The Washington Nationals are heading to the offseason early this season as they failed to reach .500 for the first time since 2011, where they went 80-81. The Nationals have already made major moves in the dugout as they extended manager Dave Martinez, but did not retain Paul Menhart, Chip Hale, and Kevin Long.

Heading into a critical offseason, the Nationals have many questions across their roster, including the corner infield spots, the back-end of the rotation, and the corner outfield situation. Despite a disappointing season, Victor Robles should be the starting center fielder next season. Juan Soto will be at one of the other spots. Soto, who has been a left fielder in the majors, played six games in right field in 2020. With Adam Eaton‘s $10.5 million player option, and Andrew Stevenson’s tear at the end of the season, and the lack of a power bat, the Nationals have a major question in the outfield heading into 2021.

Adam Eaton’s Team Option

When Adam Eaton was acquired in 2016 from the Chicago White Sox, it was championship or bust for the Nationals over the course of his contract. The Nationals gave up a consensus top-three prospect across MLB in Lucas Giolito, another top 50 prospect, Reynaldo Lopez, and a soon-to-be top 100 prospect, Dane Dunning.

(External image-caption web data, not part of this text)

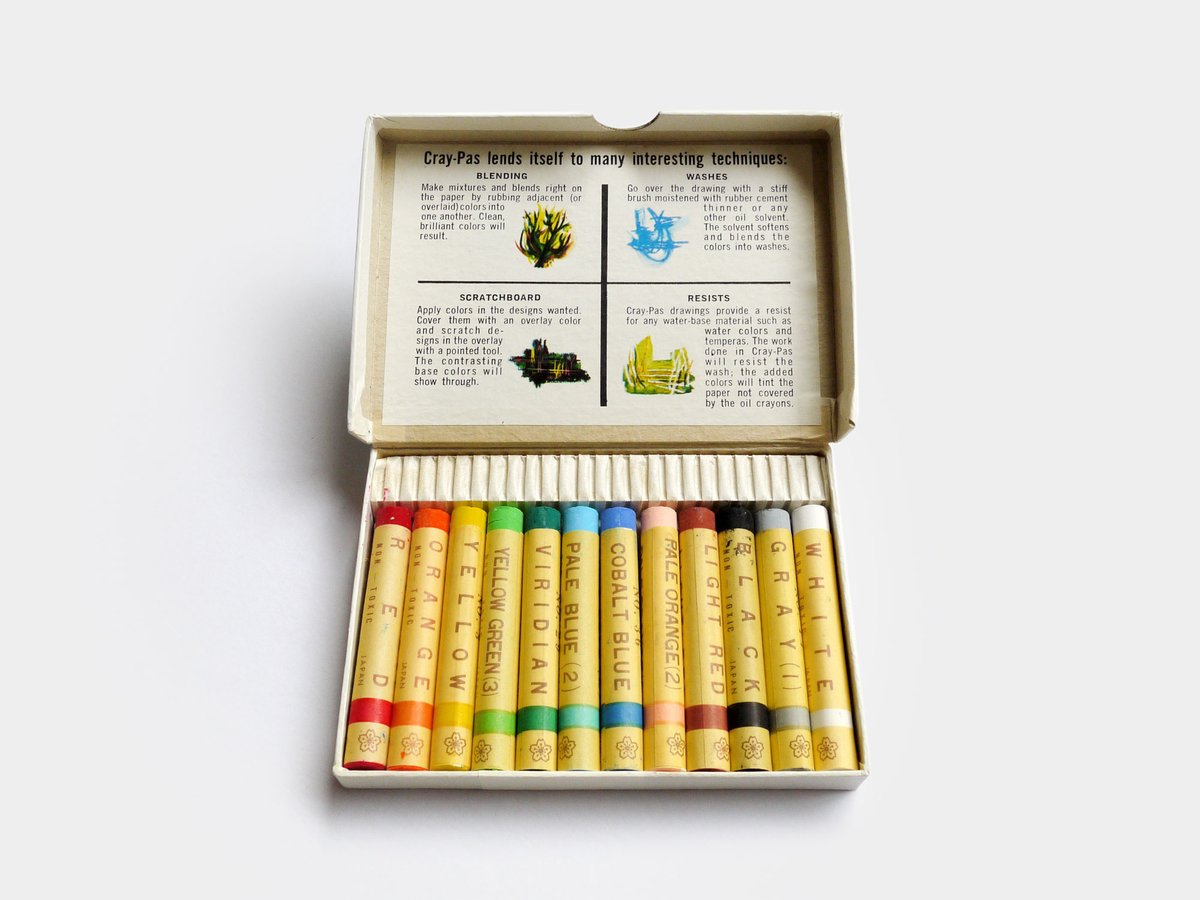 presentcorrect's tweet photo. Impeccable boxes filled with creamy oil sticks/pastels. 1970s originals. https://t.co/SE9Nrrhepd https://t.co/HvNaIwQusQ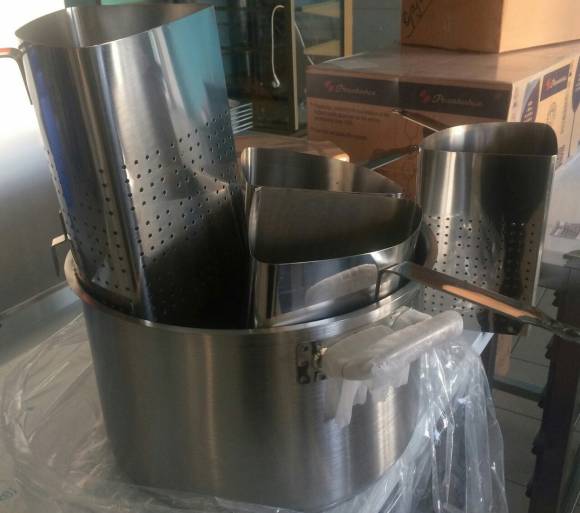 Дуршлаг-вставка сегментный 170х170мм Maco TB770 нерж. Дуршлаг-вставка сегментный 170х170мм Maco TB770 нерж.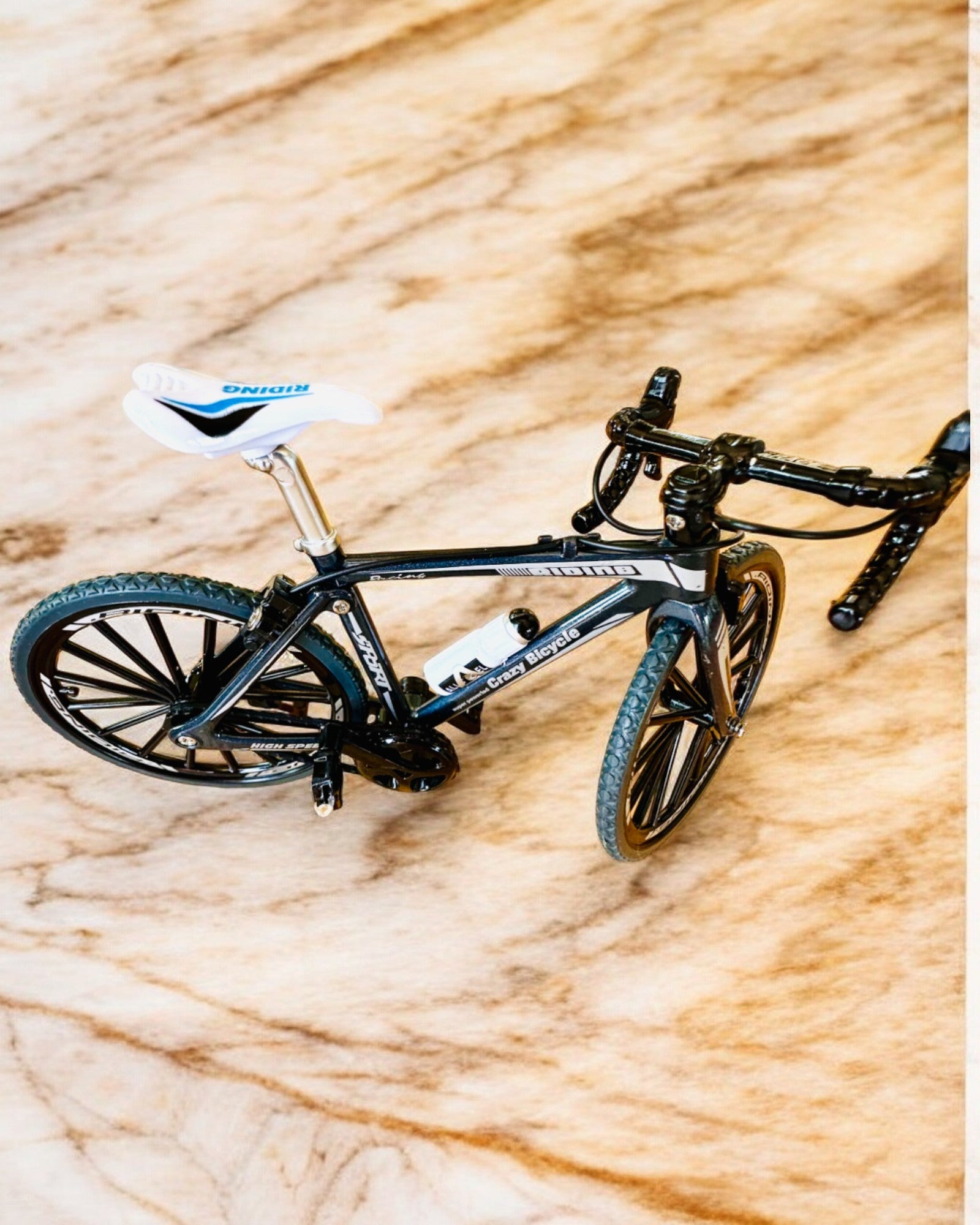 Мініатюрна металева модель червоного велосипеда "SpeedMaster" з персоналізацією гравіюванням на подарунок, 2 кольорові варіанти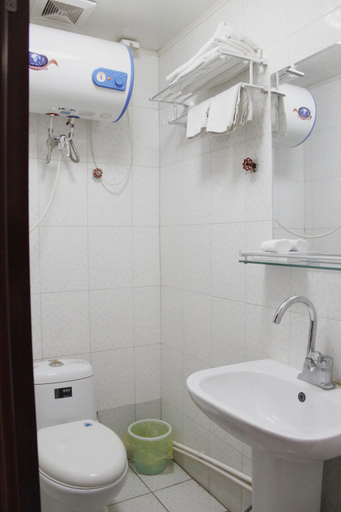 Bathroom, Longjite Hotel, Beijing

After tearing his ACL in 2017, Adam Eaton has played in 269 games from 2017-2019. He hit .288, had an OBP of .377, and slugged 22 home runs over his tenure. Despite the non-flashy stat sheet, Eaton was instrumental to the Nationals’ success, with his quality at-bats and solid walk to strikeout ratio. Eaton was a staple at the top of the order with Trea Turner, setting up the Nationals daunted middle of the order that had Bryce Harper, Juan Soto, and Anthony Rendon over his tenure. In the 2019 postseason, Eaton was very valuable to the Nationals World Series victory as he hit .320 with two home runs, and had six runs batted in the Series.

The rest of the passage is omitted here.